Als hij tegen de grond trilt kunnen die anti-dreunplaten een optie zijn... Maar als de subkast zelf trilt zijn die platen geen oplossing, denk ik. Wat de oplossing in dat geval wèl is kan ik je niet vertellen, zo'n kastenspecialist ben ik nou ook weer niet...

----------


## sis

> Maar het zal denk ik niet aan het spaanplaat liggen want mijn toppen zijn ook van spaanplaat gemaakt en ze trillen helemaal niet.. maar ik ga zeker even op de site kijken..
> 
> Alvast bedankt



Zeker op de site kijken en je vooral een klein beetje verdiepen in zelfbouw !
Spaanplaat wordt door geen enkele serieuze fabrikant gebruikt, dus wat denk je daar zelf van ??
Dit lijkt mij toch vrij duidelijk  :Roll Eyes (Sarcastic):  
Welke speakers zitten er in jou topkasten en op welke frequentie beginnen die, vb: 60-70-80-90 hz enz...
kortom, heel veel vragen.
geef eens een precieze omschrijving wat je allemaal gebruikt kwa materialen, crossoverfreq, speakers, filters, eindtrappen enz... 
In ieder geval is mijn mening dat je die baskast aan de binnenkant moet stutten
sis

----------


## Watt Xtra

bracing aanbrengen in de kast doet wonderen, daarnaast idd een ander materiaal gebruiken als spaanplaat.
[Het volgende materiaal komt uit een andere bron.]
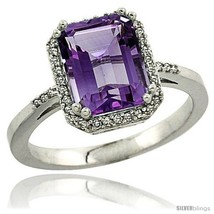 Size 10 - 14k White Gold Diamond Amethyst Ring 2.53 ct Emerald Shape 9x7 mm,  - $777.56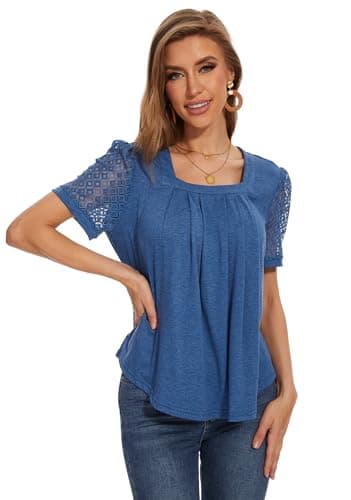 andy & natalie Womens Summer Short Sleeve Tops Square Neck Lightweight Puffer Sleeve Shirts Dressy Casual Blouse Small Cobalt Blue - Image 4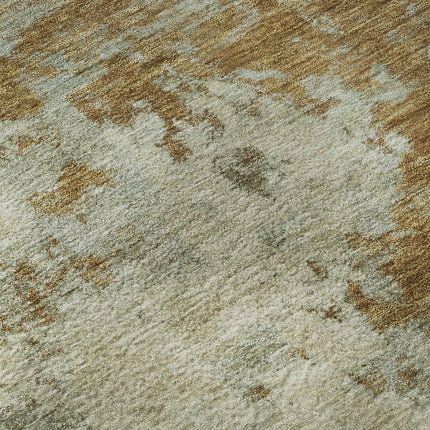 9' X 12' Terra Cotta And Beige Abstract Washable Area Rug With UV Protection HomeRoots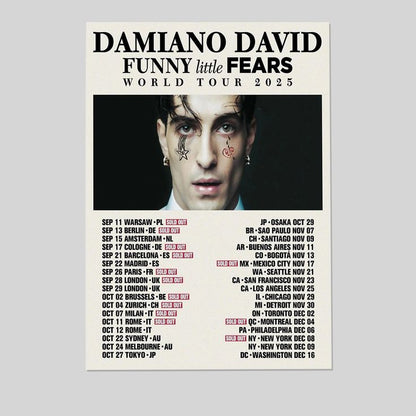 Damiano David Funny Little Fears World Tour 2025 Poster Size 24''x36''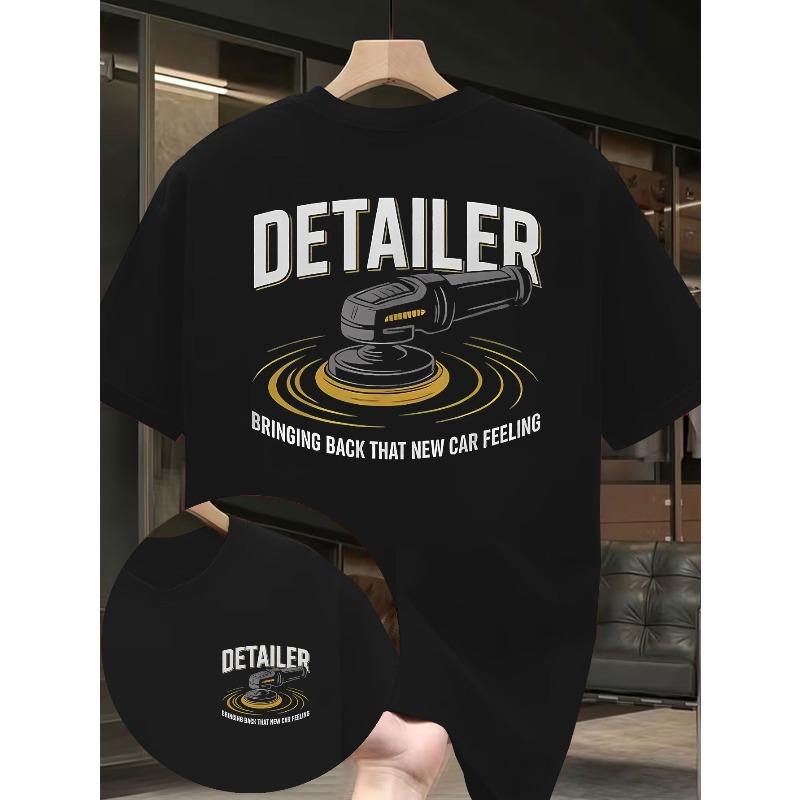 

European Size T-Shirt for Car Detailers Featuring a Print Design of a Polisher on The Front And Back, Showcasing Professional Culture M чёрный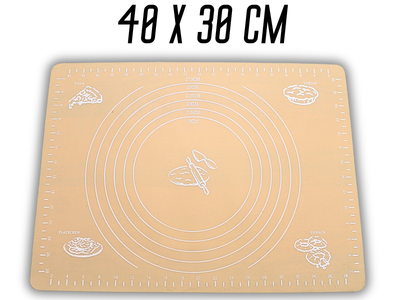 Килимок FROM FACTORY TSC для тіста силіконовий з розміткою 40х30см Персиковий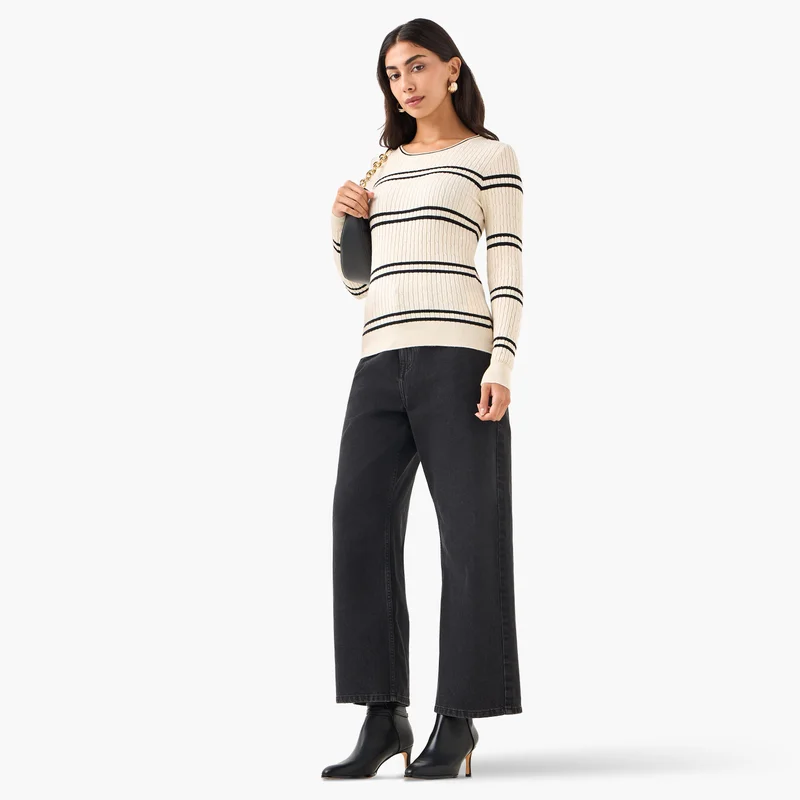 2Xtremz 2Xtremz Striped Round Neck Tricot Sweater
Zorg dat alle platen met elkaar verbonden worden door middel van balkjes. zal een hoop schelen

----------


## Dirk Wijnen

de platen zijn allemaal verbonden met balkjes.. maar ik heb denk de oplossing al gevonden heb nog strips van 35 cm breed en dat aan de binnenkant bevestigen.. In mijn toppen zitten Eminence Beta 15".. en ze trillen alleen bij de handvaten (wandplaat)..

----------


## Mathijs

Spaanplaat is niet het meest stukke hout wat er is.
En dus zal het flink gaan rezoneren.

Het aanbrengen van een paar goede bracings doet wonderen.
Ik heb het hier dan over platen van 30cm over de breedte van de kast.
Mocht je een nieuwe kast gaan bouwen. Dan is een stevige multiplex zeker aan te raden. Kost iets meer. Heb je ook veel meer aan.

----------


## Dirk Wijnen

> Spaanplaat is niet het meest stukke hout wat er is.
> En dus zal het flink gaan rezoneren.
> 
> Het aanbrengen van een paar goede bracings doet wonderen.
> Ik heb het hier dan over platen van 30cm over de breedte van de kast.
> Mocht je een nieuwe kast gaan bouwen. Dan is een stevige multiplex zeker aan te raden. Kost iets meer. Heb je ook veel meer aan.



 
Oke, Iedereen hardstikke bedankt ik hoop dat het werkt :Smile:   :Cool:  ..  ik ga aan de tips werke :Wink:

----------


## luc2366

> Hallo,
> Er zit namelijk per kast 2 x Eminence Kappa 15LF en heb 4 basspoorten per kast. De kast is opgevuld met isolatieschuim. En de kast is gemaakt van spaanplaat gemaakt.. (licht qua gewicht en toch best sterk).
> mvg Dirk



1/ eerst zeg je dat er kappa-15lf inzit en daarna beta-15...
2/ idd spaanplaat op de brandstapel gooien
3/ zitten je handvaten wel goed vast?
4/ heb je een bestaand plan gebruikt? zoja, waren de maten van de baspoorten berekend voor de gebruikte speaker?
5/ er is een GROOT verschil tss isolatiewol en -schuim (PUR). Ik hoop dat je wol gebruikt hebt  :Cool:

----------


## HR Soundproductions

Denk dat je keuze voor het materiaal "ongelukkig" te noemen is... Veel wordt er berkenmultiplex of MDF gebruikt. Bracing is een goede manier om de kasten te verstevigen om resonanties te voorkomen. Misschien goed om je even in te lezen wat de term bracing precies betekent.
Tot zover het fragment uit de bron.